Your goal: If an entry holds a picture, leave the picture out and copy the rest of the listing exactly.

Given records:
※ ※ ※

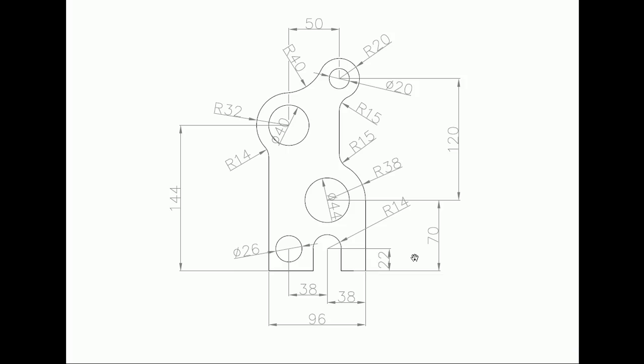This is the second exercise we are going to do in CATIA. Before making any exercise we should make a planning of how to make this model, where to start, and what steps we should do. From this diagram, we are going to start from here.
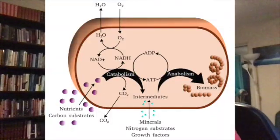Anyone want to take a guess? All right, let me go ahead and answer that question. So what is anabolism? Well, anabolism is the synthesis of complex molecules in living organisms from simpler ones, together with, of course, the storage of energy.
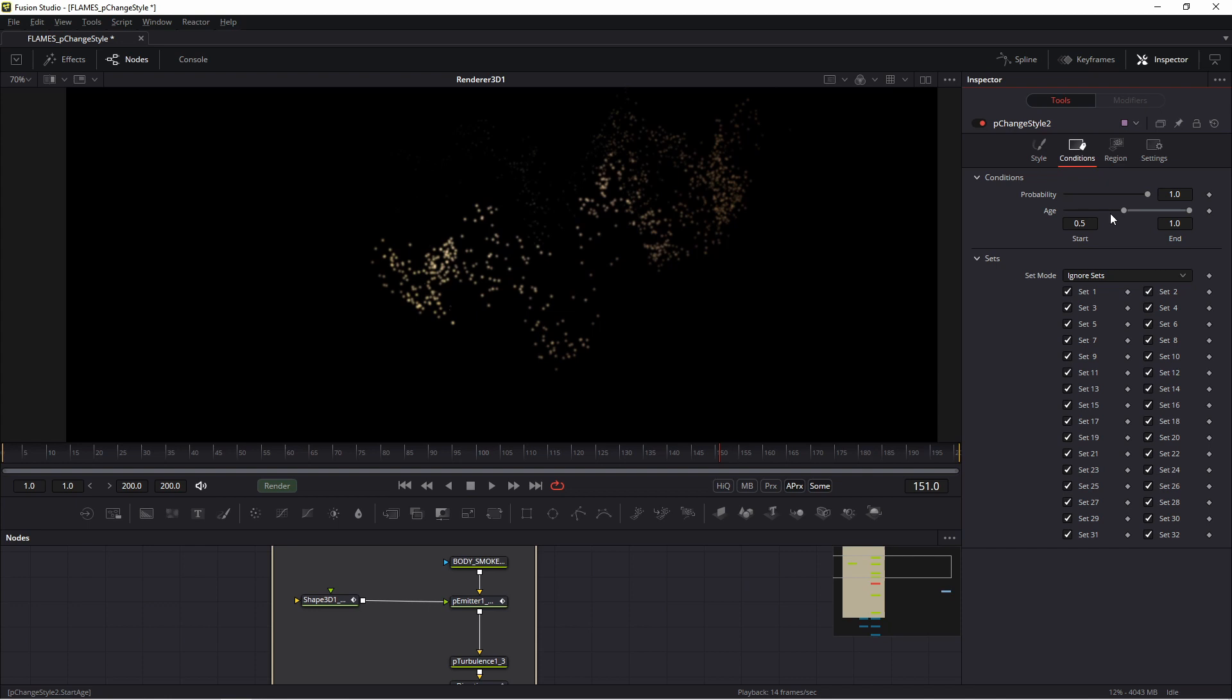...how many particles you want to change and when you want to change the style of your particles. Probability means how many particles you want to change. If you set it to one, it means you want to change everything.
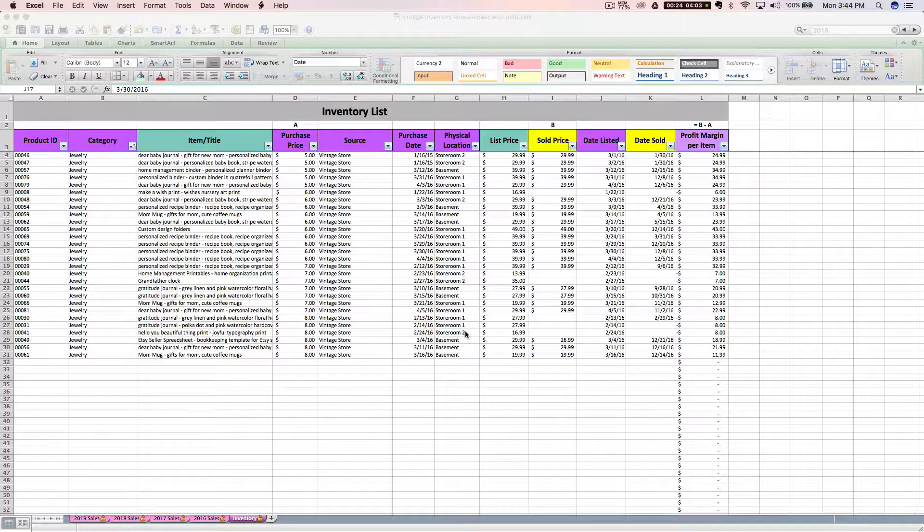Hi, this is Janet with Paper and Spark. In this bonus video I'm going to walk you through how to save a little bit of time and energy by copying and pasting your current Etsy listings into your inventory tab. This will be useful if you just purchased a spreadsheet and you want to get caught up to date.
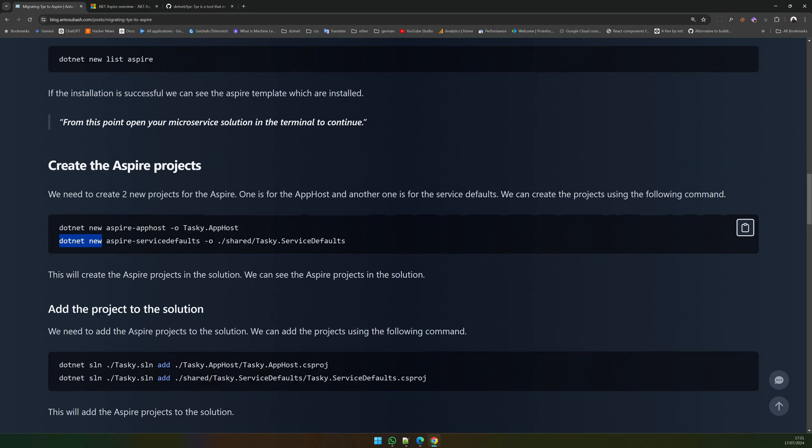These are both .NET new templates which are available with Aspire and we are going to use these two templates because we already have an existing application. There is also a starter template available, but since I already have my application I'm going to use the .NET new templates.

※ ※ ※

Task response:
This is the second exercise we are going to do in CATIA. Before making any exercise we should make a planning of how to make this model, where to start, and what steps we should do. From this diagram, we are going to start from here.
Anyone want to take a guess? All right, let me go ahead and answer that question. So what is anabolism? Well, anabolism is the synthesis of complex molecules in living organisms from simpler ones, together with, of course, the storage of energy.
...how many particles you want to change and when you want to change the style of your particles. Probability means how many particles you want to change. If you set it to one, it means you want to change everything.
Hi, this is Janet with Paper and Spark. In this bonus video I'm going to walk you through how to save a little bit of time and energy by copying and pasting your current Etsy listings into your inventory tab. This will be useful if you just purchased a spreadsheet and you want to get caught up to date.
These are both .NET new templates which are available with Aspire and we are going to use these two templates because we already have an existing application. There is also a starter template available, but since I already have my application I'm going to use the .NET new templates.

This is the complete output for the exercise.